Friday, September 19, 2003

Low-Calorie-Diet Study Takes Scientists Aback
cientists know that very strict low-calorie diets can prolong life. But now they report that it does not matter when you start that diet — at least if you are a fruit fly. The life-prolonging effect kicks in immediately, continues as long as the diet, and is lost as soon as the dieting stops.

"We were very surprised, completely taken aback," said Dr. Linda Partridge, a professor at University College London, whose laboratory made the discovery.

For now, no one has a clue about what the crucial changes are in a fly's body when it goes on or off a diet. "It's been assumed that the reason things live longer when they diet is that there is a slowing down of age-related damage," Dr. Partridge said. But, she added, it now appears that cannot be true. "The system has no memory."

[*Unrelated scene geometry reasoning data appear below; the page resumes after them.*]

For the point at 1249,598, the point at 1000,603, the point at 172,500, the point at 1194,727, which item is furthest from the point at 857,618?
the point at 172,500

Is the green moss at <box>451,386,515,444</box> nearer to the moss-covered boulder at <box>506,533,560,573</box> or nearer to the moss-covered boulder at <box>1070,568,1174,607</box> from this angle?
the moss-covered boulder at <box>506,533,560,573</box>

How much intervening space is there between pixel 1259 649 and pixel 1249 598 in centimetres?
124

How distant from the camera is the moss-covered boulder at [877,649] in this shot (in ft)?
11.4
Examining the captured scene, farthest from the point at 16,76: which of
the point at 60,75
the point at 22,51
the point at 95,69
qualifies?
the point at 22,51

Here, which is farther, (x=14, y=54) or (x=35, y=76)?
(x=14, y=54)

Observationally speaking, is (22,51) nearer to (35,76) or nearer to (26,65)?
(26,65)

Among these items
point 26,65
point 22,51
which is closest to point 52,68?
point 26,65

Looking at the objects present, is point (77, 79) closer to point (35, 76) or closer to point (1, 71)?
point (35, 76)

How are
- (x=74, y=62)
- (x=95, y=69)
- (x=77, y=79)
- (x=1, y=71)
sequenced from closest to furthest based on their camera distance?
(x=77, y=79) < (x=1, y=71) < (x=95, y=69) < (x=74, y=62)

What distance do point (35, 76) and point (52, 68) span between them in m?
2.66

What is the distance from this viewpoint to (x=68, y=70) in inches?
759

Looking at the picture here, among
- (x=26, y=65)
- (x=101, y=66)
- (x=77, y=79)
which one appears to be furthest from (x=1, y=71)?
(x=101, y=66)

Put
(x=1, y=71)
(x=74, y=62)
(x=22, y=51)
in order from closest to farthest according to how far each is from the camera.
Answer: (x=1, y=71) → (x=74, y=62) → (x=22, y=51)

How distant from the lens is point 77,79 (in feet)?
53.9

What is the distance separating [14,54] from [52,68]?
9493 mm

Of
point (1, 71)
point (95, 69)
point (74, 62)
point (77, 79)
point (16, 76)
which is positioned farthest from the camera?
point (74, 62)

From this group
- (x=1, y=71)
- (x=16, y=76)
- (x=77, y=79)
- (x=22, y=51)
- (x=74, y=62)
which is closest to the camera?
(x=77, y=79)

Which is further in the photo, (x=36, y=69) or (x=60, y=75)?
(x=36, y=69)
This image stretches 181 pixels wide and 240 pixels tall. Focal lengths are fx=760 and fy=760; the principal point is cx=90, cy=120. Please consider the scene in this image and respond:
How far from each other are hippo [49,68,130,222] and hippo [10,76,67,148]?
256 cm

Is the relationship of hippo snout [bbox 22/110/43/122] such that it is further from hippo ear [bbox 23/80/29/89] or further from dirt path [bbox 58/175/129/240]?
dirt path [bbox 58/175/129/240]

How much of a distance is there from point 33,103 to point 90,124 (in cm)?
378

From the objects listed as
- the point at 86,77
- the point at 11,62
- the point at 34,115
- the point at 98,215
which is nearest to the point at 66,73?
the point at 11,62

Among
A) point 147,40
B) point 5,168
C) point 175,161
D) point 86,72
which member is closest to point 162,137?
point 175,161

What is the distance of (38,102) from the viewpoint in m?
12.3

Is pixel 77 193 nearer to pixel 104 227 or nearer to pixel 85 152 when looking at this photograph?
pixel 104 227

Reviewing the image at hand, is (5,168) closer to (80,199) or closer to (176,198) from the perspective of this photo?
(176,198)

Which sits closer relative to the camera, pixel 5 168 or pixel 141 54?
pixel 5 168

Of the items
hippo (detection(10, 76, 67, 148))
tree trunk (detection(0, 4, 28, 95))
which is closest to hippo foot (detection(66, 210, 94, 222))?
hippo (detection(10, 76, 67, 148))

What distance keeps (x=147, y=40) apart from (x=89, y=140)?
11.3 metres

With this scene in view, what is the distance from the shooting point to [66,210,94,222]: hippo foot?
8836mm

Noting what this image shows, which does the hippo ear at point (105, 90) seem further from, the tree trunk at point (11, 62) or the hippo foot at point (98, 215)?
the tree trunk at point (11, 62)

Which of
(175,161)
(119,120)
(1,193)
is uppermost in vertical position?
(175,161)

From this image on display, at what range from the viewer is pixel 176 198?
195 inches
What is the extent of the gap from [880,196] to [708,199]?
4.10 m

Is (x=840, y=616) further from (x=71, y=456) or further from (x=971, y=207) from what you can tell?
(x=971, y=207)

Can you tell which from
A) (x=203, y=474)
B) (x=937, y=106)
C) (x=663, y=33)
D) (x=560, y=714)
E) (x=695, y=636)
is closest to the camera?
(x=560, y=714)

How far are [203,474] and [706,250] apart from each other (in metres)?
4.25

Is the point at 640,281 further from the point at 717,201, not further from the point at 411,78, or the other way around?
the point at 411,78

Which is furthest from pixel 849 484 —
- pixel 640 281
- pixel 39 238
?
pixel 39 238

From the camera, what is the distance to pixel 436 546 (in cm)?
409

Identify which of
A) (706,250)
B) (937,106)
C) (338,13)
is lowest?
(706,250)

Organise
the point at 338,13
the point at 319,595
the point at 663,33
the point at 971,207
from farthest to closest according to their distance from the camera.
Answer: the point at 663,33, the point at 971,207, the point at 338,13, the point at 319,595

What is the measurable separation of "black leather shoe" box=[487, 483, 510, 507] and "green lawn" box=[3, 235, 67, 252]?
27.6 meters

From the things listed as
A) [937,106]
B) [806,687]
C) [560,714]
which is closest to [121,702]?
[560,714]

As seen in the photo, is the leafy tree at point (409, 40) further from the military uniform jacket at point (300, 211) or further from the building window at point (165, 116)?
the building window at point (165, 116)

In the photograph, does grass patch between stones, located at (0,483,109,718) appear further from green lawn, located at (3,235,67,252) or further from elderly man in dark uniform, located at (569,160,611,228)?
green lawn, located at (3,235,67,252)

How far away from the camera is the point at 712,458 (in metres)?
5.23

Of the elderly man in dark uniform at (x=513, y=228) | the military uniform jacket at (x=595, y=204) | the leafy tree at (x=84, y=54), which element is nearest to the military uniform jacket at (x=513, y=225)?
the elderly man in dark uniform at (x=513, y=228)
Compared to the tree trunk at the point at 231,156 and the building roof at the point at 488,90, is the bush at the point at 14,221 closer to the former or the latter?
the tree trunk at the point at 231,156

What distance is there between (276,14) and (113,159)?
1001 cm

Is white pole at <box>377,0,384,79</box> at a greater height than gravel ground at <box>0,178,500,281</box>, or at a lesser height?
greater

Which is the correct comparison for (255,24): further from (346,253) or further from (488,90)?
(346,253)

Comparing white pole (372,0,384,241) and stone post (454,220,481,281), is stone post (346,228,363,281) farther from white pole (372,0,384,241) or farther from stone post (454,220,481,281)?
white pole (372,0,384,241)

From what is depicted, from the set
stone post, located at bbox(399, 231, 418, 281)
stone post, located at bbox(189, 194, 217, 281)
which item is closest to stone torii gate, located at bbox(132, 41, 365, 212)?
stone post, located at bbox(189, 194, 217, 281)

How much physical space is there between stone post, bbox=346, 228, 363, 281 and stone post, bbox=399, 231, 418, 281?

In a detailed demographic analysis of life and death among 7,492 fruit flies, published today in Science magazine, Dr. Partridge and her colleagues discovered that the protective effect of dieting snaps into place within 48 hours, whether the diet starts early in life or late. Flies that dieted for the first time in middle age were the same as flies that had been dieting their whole lives. But the effect can be lost just as quickly. Flies that dieted their entire lives and then switched, as adults, to eating their fill were the same two days later as flies that had never dieted.

Dr. Huber Warner, who directs the biology of aging program at the National Institute on Aging, said that it was as if dieting flies "put on a suit of armor."

"It seems like the dietary restriction puts the flies into a different kind of state where they are temporarily able to resist damaging events so that they survive rather than die," Dr. Warner said.

Dr. James W. Vaupel, a demographer at the Max Planck Institute for Demography in Rostock, Germany, said the findings put decades of research on the effects of calorie restriction in a new light. "We've known for a long time that dietary restriction increases survival," Dr. Vaupel said. "What we haven't known is that it's never too late."